* **What the task asks**
As you write out the lines from the one containing "干炸里脊肉小串,高温催化鲜美多汁,又嫩又香男女老少都爱吃" through the last line of the records, keep them exact and leave out pictures.

[Stored dataset items]
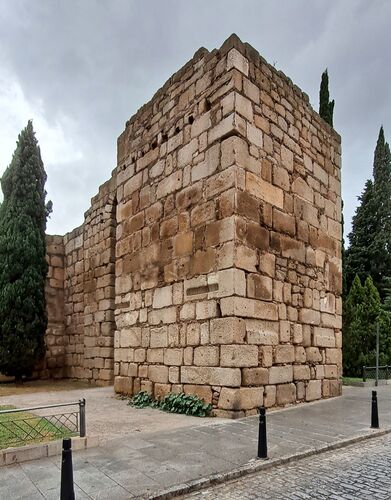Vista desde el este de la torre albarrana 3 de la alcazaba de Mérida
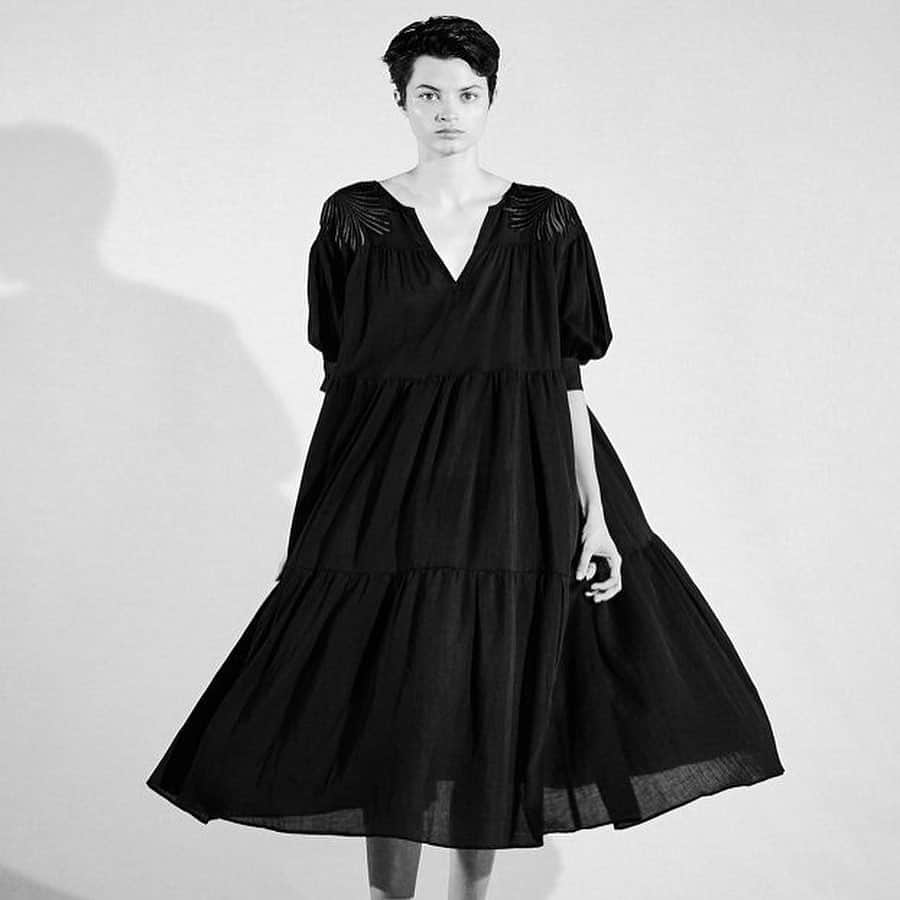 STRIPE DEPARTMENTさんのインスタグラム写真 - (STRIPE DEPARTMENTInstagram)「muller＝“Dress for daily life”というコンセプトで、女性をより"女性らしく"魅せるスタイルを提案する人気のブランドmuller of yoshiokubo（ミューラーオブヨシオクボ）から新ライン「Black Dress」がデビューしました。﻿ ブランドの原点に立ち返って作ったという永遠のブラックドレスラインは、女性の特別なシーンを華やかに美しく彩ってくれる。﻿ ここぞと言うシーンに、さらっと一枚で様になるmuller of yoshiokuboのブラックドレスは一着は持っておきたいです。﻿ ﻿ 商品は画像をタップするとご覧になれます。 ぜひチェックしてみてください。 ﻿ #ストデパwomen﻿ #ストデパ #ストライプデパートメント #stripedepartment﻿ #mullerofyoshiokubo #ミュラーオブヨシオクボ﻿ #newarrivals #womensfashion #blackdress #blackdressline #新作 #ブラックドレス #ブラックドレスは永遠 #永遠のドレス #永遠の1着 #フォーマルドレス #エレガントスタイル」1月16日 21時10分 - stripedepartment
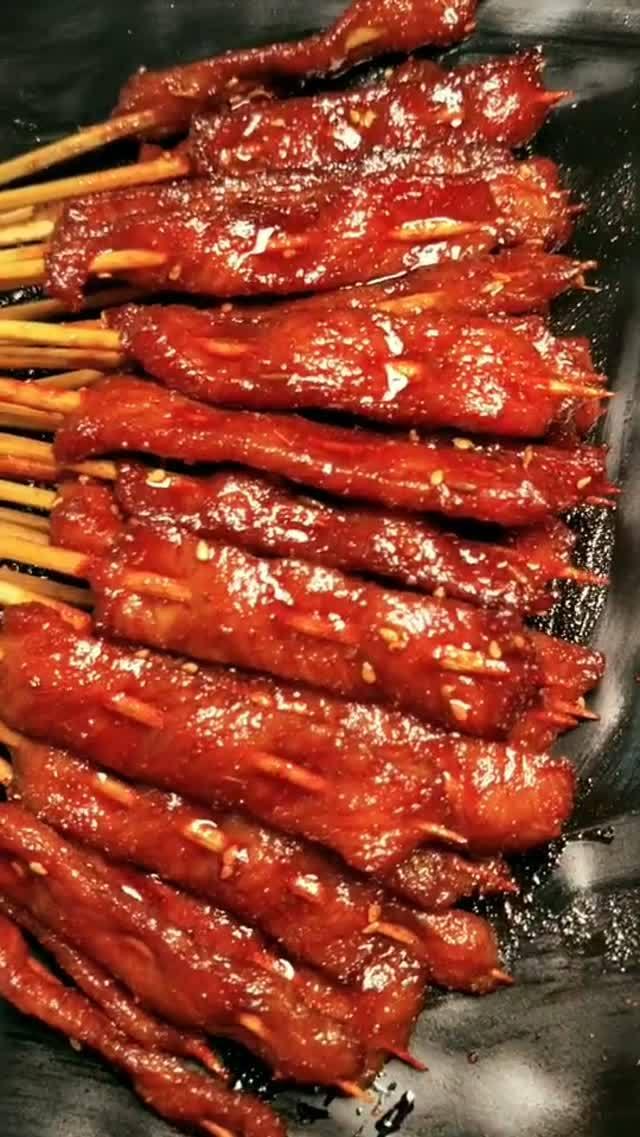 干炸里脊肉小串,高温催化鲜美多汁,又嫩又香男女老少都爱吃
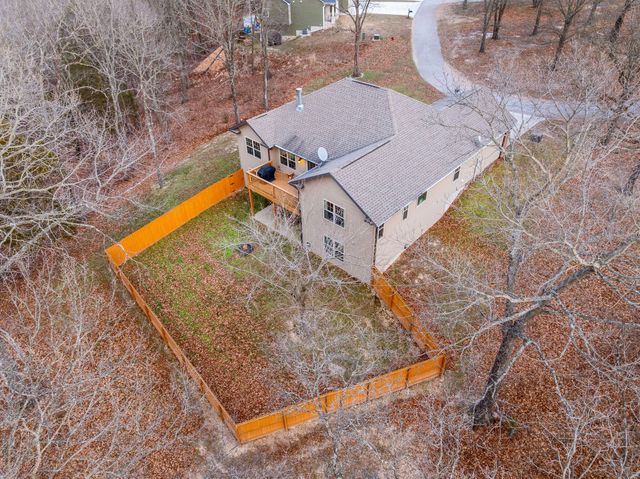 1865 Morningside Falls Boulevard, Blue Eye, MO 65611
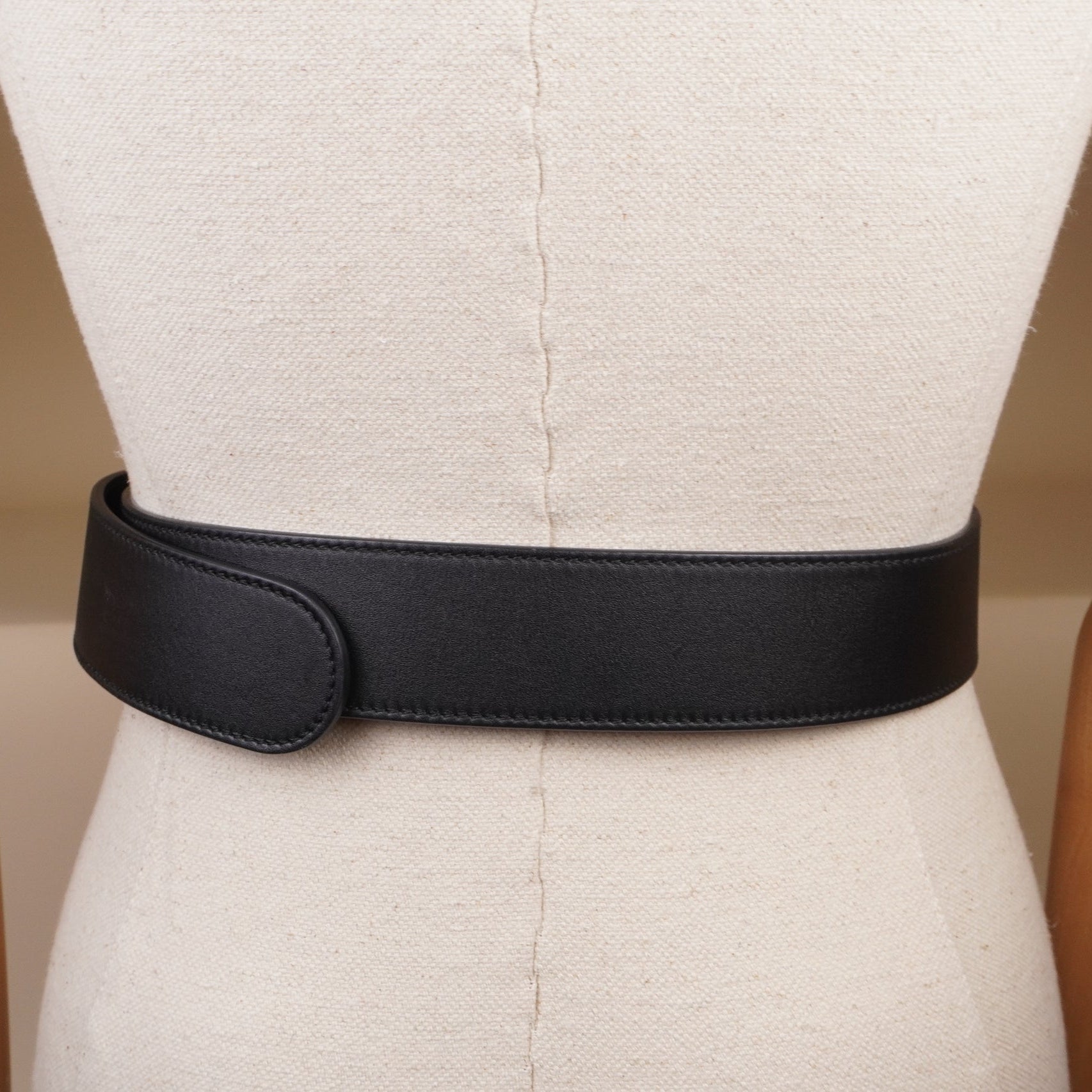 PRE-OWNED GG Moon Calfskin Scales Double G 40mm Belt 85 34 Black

* **Expected answer**
 干炸里脊肉小串,高温催化鲜美多汁,又嫩又香男女老少都爱吃
 1865 Morningside Falls Boulevard, Blue Eye, MO 65611
 PRE-OWNED GG Moon Calfskin Scales Double G 40mm Belt 85 34 Black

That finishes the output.